On September 8, 1565, the first permanent European settlement in the United States was founded at St. Augustine, Florida. An excerpt from the article:
"St. Augustine, Florida was founded by Spanish explorers long before Jamestown and the Plymouth Colony.
Even before Jamestown or the Plymouth Colony, the oldest permanent European settlement in what is now the United States was founded in September 1565 by a Spanish soldier named Pedro Menéndez de Avilés in St. Augustine, Florida. Menéndez picked the colony’s name because he originally spotted the site on August 28, the feast day of St. Augustine.
Menéndez’s expedition wasn’t the first group of Spanish explorers who tried to start a colony in Florida, which Juan Ponce de León had claimed for Spain back in 1513. And unlike other colonizers, he wasn’t out to find gold or set up a trading network with the Native tribes.

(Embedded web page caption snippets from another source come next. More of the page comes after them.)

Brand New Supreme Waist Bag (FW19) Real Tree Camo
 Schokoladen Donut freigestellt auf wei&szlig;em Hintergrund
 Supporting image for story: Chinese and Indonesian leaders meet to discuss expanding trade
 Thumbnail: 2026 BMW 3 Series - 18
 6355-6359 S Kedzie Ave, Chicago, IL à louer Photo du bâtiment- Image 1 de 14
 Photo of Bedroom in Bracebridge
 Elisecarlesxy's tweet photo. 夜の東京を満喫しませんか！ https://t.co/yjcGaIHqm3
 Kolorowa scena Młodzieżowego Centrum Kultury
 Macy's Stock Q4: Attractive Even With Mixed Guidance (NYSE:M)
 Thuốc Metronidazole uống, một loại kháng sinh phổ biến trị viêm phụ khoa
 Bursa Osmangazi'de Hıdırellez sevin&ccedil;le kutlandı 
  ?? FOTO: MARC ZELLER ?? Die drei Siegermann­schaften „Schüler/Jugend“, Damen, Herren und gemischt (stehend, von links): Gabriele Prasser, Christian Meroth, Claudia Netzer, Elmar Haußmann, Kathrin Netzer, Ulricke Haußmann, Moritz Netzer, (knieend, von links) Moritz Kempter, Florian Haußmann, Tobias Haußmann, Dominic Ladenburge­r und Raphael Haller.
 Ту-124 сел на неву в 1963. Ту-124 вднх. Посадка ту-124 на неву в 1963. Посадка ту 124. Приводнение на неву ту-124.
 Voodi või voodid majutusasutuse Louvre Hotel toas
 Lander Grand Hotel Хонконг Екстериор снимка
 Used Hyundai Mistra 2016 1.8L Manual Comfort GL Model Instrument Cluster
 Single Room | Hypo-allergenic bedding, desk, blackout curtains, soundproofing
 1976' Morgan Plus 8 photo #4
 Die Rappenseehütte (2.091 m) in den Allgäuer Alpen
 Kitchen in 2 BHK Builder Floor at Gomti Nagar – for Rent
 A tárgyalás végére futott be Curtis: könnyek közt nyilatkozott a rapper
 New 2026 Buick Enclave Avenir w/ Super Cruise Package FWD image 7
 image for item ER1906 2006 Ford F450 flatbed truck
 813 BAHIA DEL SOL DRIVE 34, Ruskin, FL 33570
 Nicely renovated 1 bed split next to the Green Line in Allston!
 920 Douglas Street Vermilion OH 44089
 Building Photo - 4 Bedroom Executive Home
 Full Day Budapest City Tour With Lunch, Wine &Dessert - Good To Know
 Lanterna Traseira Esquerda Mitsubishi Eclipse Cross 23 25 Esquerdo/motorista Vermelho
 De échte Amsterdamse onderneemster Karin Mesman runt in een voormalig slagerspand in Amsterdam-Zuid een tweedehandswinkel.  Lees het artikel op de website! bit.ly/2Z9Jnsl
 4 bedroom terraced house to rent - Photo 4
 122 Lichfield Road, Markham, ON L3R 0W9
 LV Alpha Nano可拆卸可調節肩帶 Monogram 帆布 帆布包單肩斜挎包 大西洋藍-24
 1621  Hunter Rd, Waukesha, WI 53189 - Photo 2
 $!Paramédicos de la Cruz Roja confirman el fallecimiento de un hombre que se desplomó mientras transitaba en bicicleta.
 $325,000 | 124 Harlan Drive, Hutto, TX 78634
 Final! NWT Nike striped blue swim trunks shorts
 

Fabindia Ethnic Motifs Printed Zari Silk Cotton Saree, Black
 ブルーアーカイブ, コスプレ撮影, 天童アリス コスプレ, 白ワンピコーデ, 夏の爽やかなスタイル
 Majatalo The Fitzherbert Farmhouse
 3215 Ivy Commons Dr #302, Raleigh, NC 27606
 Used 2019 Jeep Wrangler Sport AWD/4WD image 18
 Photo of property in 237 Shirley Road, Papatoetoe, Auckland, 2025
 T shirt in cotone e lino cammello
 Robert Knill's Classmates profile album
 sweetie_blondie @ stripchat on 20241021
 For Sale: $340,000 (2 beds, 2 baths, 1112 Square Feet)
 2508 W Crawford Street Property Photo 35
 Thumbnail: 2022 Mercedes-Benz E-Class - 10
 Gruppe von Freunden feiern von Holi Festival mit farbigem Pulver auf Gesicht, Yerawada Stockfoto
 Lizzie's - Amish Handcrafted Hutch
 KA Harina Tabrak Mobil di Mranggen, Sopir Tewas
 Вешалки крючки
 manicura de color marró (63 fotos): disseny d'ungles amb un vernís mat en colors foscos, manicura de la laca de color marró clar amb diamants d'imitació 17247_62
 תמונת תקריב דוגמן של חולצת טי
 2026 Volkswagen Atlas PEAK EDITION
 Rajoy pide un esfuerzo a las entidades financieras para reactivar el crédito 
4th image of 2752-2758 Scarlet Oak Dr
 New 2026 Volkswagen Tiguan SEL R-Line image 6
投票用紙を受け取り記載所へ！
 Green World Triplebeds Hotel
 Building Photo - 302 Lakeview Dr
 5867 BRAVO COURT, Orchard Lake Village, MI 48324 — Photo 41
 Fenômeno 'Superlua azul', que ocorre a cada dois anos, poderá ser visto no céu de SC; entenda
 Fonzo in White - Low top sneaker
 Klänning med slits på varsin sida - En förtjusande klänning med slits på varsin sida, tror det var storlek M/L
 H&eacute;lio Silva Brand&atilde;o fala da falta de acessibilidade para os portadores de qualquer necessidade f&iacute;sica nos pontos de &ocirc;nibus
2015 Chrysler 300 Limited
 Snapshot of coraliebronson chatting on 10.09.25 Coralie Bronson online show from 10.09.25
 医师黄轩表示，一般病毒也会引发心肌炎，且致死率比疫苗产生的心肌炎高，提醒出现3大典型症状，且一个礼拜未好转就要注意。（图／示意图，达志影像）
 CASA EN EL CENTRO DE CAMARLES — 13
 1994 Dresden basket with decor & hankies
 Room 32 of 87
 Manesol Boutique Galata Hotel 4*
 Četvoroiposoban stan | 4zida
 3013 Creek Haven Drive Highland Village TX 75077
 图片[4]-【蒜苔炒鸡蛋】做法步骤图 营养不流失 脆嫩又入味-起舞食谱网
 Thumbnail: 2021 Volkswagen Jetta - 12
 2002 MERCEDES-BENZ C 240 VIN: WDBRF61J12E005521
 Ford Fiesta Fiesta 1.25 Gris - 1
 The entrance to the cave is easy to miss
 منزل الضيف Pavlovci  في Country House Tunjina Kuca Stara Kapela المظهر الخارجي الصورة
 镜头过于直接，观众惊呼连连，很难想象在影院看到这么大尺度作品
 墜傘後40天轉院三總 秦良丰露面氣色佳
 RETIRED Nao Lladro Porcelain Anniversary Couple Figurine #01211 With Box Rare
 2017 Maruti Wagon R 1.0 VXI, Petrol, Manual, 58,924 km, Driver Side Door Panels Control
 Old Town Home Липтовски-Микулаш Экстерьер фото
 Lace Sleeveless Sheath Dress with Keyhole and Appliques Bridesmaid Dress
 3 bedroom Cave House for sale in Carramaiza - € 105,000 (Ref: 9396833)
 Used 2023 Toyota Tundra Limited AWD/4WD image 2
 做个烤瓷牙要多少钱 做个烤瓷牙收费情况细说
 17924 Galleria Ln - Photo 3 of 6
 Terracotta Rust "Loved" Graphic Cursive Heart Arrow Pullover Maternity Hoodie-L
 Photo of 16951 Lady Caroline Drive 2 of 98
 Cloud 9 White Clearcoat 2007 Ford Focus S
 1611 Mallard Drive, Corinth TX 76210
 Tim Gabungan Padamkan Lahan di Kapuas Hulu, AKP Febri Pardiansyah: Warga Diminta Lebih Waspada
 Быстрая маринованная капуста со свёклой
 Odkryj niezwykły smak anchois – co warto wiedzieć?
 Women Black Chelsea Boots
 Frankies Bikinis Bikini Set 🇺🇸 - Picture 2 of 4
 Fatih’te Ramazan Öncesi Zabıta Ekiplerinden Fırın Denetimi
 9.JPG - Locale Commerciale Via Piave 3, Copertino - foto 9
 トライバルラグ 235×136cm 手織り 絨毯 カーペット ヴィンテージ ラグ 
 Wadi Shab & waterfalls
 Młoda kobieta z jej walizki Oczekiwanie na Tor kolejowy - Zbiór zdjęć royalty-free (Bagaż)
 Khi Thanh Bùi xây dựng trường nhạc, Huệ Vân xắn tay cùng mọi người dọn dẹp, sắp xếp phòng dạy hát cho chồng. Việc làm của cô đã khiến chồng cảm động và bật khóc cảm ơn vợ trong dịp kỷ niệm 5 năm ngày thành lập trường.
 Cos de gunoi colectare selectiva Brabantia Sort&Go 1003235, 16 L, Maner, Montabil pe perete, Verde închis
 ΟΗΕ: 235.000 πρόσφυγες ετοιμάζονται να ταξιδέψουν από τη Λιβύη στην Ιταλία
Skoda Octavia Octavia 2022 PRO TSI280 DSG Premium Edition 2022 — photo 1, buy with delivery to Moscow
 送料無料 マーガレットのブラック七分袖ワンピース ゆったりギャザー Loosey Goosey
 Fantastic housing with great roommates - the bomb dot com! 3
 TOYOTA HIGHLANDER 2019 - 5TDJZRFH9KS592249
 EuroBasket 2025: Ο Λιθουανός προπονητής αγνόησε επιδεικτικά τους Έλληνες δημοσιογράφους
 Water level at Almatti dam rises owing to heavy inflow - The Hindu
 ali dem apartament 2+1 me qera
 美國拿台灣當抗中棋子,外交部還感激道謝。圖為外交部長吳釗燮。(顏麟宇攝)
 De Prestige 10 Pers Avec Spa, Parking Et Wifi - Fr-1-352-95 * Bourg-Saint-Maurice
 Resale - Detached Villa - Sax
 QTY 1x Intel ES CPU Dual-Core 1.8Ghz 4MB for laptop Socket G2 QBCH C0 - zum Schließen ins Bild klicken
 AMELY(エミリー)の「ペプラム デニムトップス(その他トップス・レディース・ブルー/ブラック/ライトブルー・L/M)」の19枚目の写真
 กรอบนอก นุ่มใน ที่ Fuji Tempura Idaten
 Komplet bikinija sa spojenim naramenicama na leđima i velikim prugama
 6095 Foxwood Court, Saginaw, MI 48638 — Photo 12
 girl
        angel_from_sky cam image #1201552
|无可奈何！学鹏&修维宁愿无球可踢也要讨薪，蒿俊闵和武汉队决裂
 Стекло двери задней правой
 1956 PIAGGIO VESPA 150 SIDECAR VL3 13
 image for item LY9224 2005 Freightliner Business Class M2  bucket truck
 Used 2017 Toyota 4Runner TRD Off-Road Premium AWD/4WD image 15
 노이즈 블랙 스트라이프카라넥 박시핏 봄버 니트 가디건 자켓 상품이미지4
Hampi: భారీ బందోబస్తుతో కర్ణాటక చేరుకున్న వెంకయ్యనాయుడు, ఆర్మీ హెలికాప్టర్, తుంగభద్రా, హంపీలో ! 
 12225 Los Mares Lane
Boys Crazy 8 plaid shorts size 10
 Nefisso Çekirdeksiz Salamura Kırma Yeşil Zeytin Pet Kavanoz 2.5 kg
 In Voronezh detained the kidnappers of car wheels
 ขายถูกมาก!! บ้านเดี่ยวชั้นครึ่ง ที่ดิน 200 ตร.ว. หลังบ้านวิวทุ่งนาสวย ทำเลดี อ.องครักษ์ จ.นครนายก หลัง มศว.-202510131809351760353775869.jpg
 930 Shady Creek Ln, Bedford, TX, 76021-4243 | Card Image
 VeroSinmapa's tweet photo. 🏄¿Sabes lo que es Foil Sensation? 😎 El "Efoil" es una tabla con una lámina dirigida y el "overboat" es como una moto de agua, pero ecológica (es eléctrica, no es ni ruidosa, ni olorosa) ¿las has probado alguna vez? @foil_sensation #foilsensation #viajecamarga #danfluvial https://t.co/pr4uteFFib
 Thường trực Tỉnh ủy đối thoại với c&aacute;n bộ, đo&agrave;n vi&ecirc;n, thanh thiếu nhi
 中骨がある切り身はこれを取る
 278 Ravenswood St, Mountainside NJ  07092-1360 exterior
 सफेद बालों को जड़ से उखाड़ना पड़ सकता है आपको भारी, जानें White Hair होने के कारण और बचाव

Instead, Menéndez’s primary mission was simple: Get rid of French Huguenot colonists who were trying to usurp the Spanish claim. The previous year, the French had established an outpost at Fort Caroline, near present-day Jacksonville. A French base in Florida posed a potential threat not just to Spanish territorial claims, but also to the Spanish treasure fleet that sailed from South America and Mexico along the Florida coast before heading across the Atlantic to Spain. Spain’s King Philip II wanted the French threat eliminated, particularly because the settlers were Protestants and to Philip, a Catholic, that made them intolerable."